The percentage of people believing in God is always of interest to me. What is the latest?
A recent Gallup Poll in the US showed that more than 90% believe in God, although previous surveys suggest some of these might prefer the term “universal spirit”. This is marginally lower than when surveys commenced more than 6 decades ago (92% now compared to 96% then) but perhaps the more significant figure is that the number of people professing no belief has climbed from only 1% back then to 7% now. Not surprisingly, belief is lowest (84%) among the youngest age group (18-29 years old). There were minor variations based on gender, politics, education and location.
Two surveys were conducted in Australia in 2009. These showed that about two thirds believe in God or a universal spirit, with about a quarter not believing. The percentage believing in God has dropped from almost 100% a century ago.
A 2005 study across Europe found a wide range of views. Just over half believe there is a God, but that figure jumps to almost 80% for belief in God, a spirit or a life force. Belief was highest (90-95%) in more traditional, eastern, countries such as Turkey and Romania, and lowest (16-34%) in Scandinavian and other western European counties – but again the percentages climbed (60-80%) if the broader definition was adopted. The maximum disbelief was in France (33%).
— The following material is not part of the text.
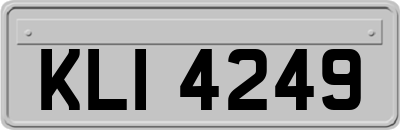 KLI4249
A 2011 worldwide study found similarly diverse beliefs. In summary:
- 45% worldwide “definitely” believe in God or a supreme being, with a further 6% believing in more than one god or supreme being. 17% “sometimes” believe and 13% uncertain. The percentage of unbelievers was 18%.
- Definite belief (in one or many gods) was strongest in Indonesia (97%), Turkey (93%), Brazil (90%), South Africa (88%), Mexico and India (80%) and the United States (75%). Definite belief was weakest in Japan (13%), France (20%), Sweden (21%), China (23%), Belgium (24%) and South Korea (25%). In Great Britain, 29% definitely believed and in Australia it was 38%.
- Unbelief was highest in France (39%), Sweden (37%), Belgium (36%), Great Britain (34%), Japan (33%) and Germany (31%) and lowest in Indonesia (0%) Turkey (2%), South Africa (3%), India (3%) and Brazil (3%). In Australia, 26% disbelieved.
- Large proportions of some countries were uncertain – Japan (54%), China (52%), South Korea (50%) and around 40% of most western European countries.
It seems that more people in the west believe there is supernatural spiritual being or force than we might have expected, but unbelief has grown and the number believing in one of the major religions has fallen.
The figures are somewhat diverse, sometimes even apparently contradictory. It seems that the percentages depend on the exact question asked (not surprisingly). Broadly speaking most people, even in sceptical Europe, still believe it is more likely that a God exists than that there is none. But many people are less certain of this, and less sure of whether this God is personal or more of an impersonal force.